Like, old school HHN had a grime and sleaze about it. It was more squarely aimed at 20-somethings who would never go to MNSSHP: It emphasized sexy half-naked dancing of both sexes at Bill and Ted's, and it sloshed booze around left and right via jell-o shot nurses and full bars spread throughout the park, it embraced blaring heavy metal and later offputting dubstep, it had haunts full of dead bodies and squirty gore, it licensed z-grade slasher films full of torture scenes to line its houses. Heck, as recently as last year they had Chucky out making fun of guests via an insult comic.
But as time's gone on it feels like HHN has moved away from that. Again, this isn't a judgement call (I'm sure people will argue for the old or new ways just as fervently) but more just an observation. Increasingly it seems that HHN has aimed at a sort of PG-13 family friendly approach to horror. It's cleaner, with bigger and more accessible IPs and less exploitation-y baggage. It's less "sexy dancers and heavy metal" than "saleable monster iconography and electronica." Less "mosh pit" and more "Halloween party." Jell-o shot nurses got replaced with popcorn nurses, then disappeared altogether. Sexy dancing in Bill & Ted gave way to AOV (which is also amazingly awesome, but again, different). Blood-soaked slogans like "True Fear Comes from Within" and "All Jack'd Up" gave way to clean retro-styled slogans like "Maximum Screamage."
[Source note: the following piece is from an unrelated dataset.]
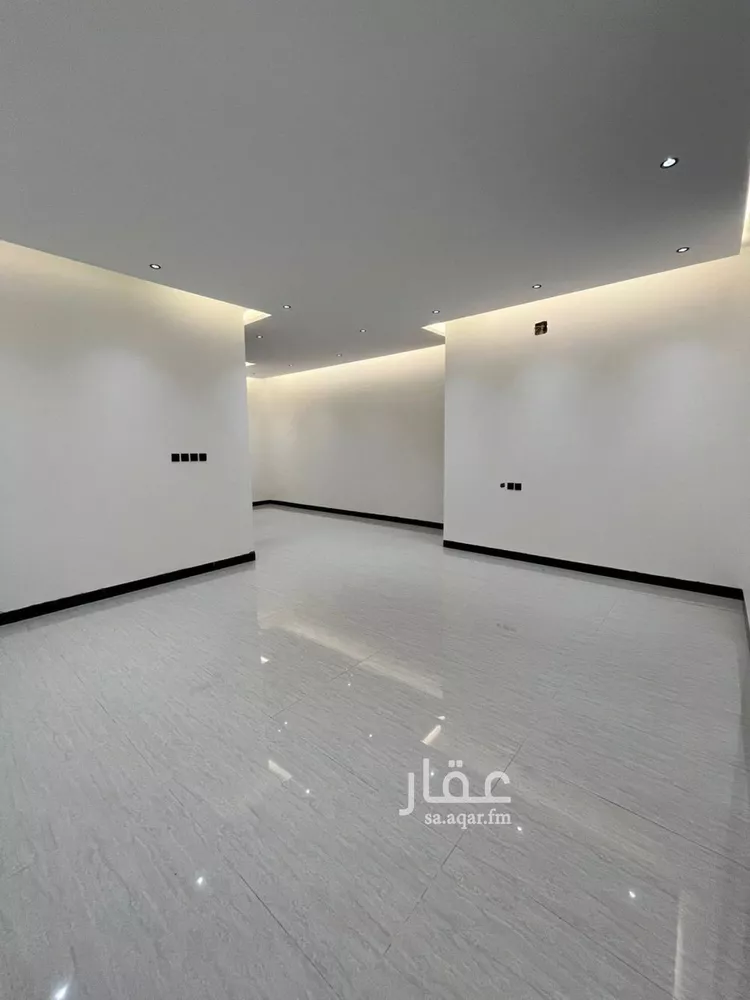 فيلا للبيع في شارع أحمد بن الحسن الأنصاري, حي المهدية, مدينة الرياض, منطقة الرياض صورة 4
And again, there's pros and cons to this! A more family friendly, accessible event is *not* automatically a bad thing! Getting kids hooked on horror is good, having the event be a big success so they can dump more money into production values is good, casting a wider net so we get food options and specialty beverages and merch is all good! Making the event a big tent event is not automatically bad! But it is a _different_ thing than longtime fans are probably expecting because a big tent means shaving off a lot of the offputting b-horror edges some fans expect. And this year you can feel that divide *really* sharply, with various IP houses (namely Stranger Things, Ghostbusters, and Killer Klowns) getting the primary marketing and merch push and having a very different tone than the grimier bits of the event. You can see it in people complaining that Stranger Things or Ghostbusters are too not-scary, while other people insist a certain scene in Depths of Fear goes too far. Hellbilly Deluxe and HOTC start to stick out really awkwardly when other IP holders refuse to be associated with them. There is, in short, a friction between the new style and old style of stuff this year, and it's super apparent.
What I'm interested in, more than anything, is how Universal decides to solve this identity crisis - is HHN going to be the PG-13 Halloween party it's slowly becoming, or are they going to run out of accessible IPs to grab a big tent audience with and retreat to a more exploitation/grindhouse/horror focused patronage over time? Are they embracing a moment of cultural tension where horror has entered the pop culture lexicon (however temporarily) or is this a fundamentally new direction for the event?
Regardless, I don't think it's a "scary/not scary" divide. Both Stranger Things and Ghostbusters as houses have plenty of jumps. The question is really the tone of the house and the content surrounding the jumps - is it enough for a house to be scary by having a Ghostbuster jump out and say a line from a movie, or do you need a dark room coated in gore and blood that has a monster come out and scream to make that same jump "scary?"